The state of capacity
Keep in mind that not all countries share similar infrastructures. The US for instance has approximately 2.8 hospital beds per 1000 people. Italy fares a bit better at 3.2 per 1000, but it has been hit especially hard by COVID19, illustrating the severe challenges of an overwhelmed healthcare industry. Others, like Burkina Faso, Mali, and Côte d’Ivoire come in at less than 1 bed per 1000. In terms of the graphic at the top of this post, while the dashed line of state capacity for the United States might actually be quite high, the same line for other countries (or even different states within the US) can be dramatically lower.

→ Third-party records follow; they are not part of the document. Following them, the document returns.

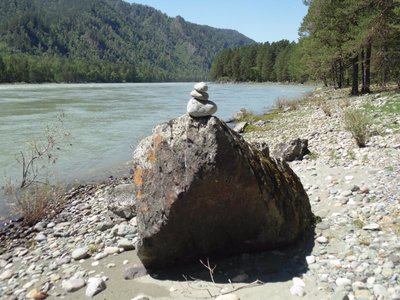 image (5).jpg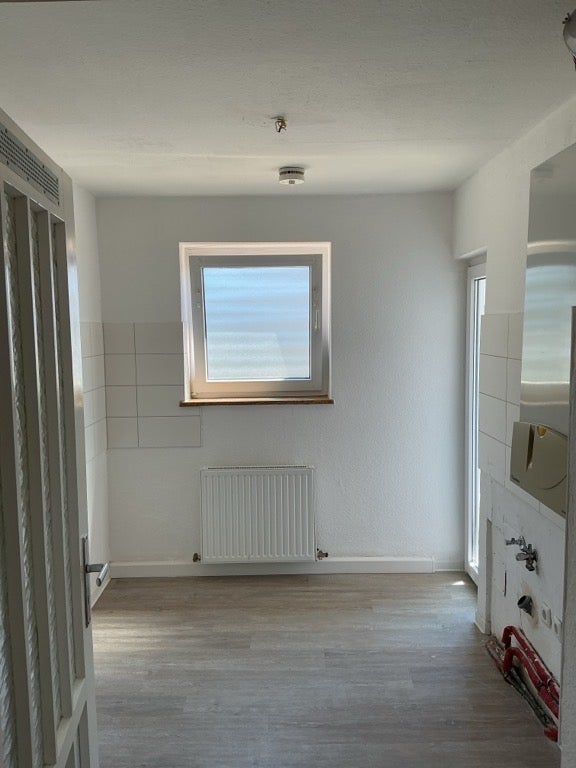 Miet mich - 3 -Zimmer-Wohnung - Photo 5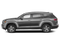 2022 Volkswagen Atlas 2.0T SE
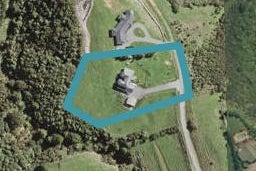 307E Maxted Road, Ramarama, Drury
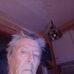 Richard Miles - Facebook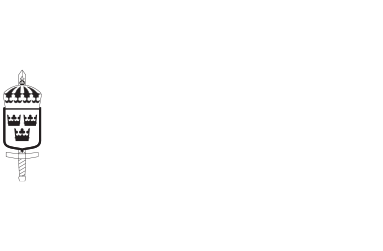 försvarsmakten logo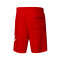 Nike RCD Mallorca Sportswear Futura Bermuda-Shorts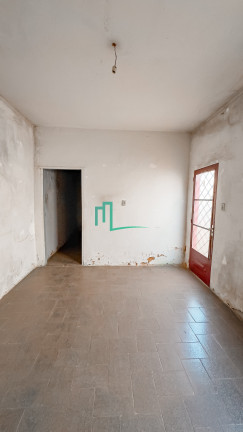 Imagem Casa com 2 Quartos à Venda, em Vila São Sebastião - Franca Imagem Casa com 2 Quartos à Venda, em Vila São Sebastião - Franca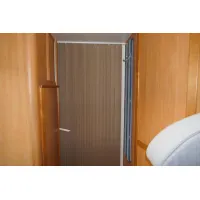 Автодом LMC Liberty, 2004, МКПП, пробег 125700 км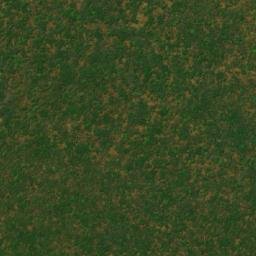 Satellite imagery of Chiongo, AO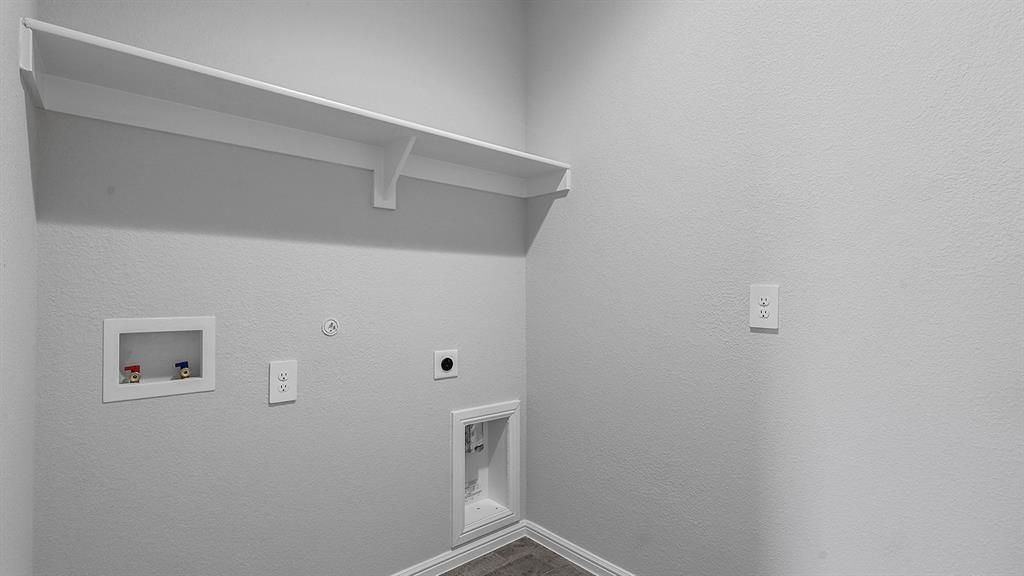 Saratoga - Residential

For illustration, according to the World Bank’s World Development Indicators, the West African state of Liberia had about .023 physicians per 1000 people prior to the outbreak and .8 beds per 1000 people. These are some of the lowest numbers in the world. In contrast, The United States had around 2.4, or over 100x the rate of physicians. More recent data from the Journal of Medical Regulationreports a slightly higher value of 2.9. However, former US Surgeon General Vivek Murthy recently emphasized that the strain on the US healthcare system is already visible. Hospitals are reportedly saving their tests for only those that are severely ill, the turnaround time for tests is painstakingly slow (taking several days), and the healthcare professionals that administer tests need to then be quarantined—taking them off the “front lines.” Healthcare workers are also reusing masks when treating patients, far from an ideal situation, but necessary at the moment due to limited stockpiles. Dr. Murthy’s advice, until access to testing increases, mitigation efforts are necessary to flatten the curve—and save lives.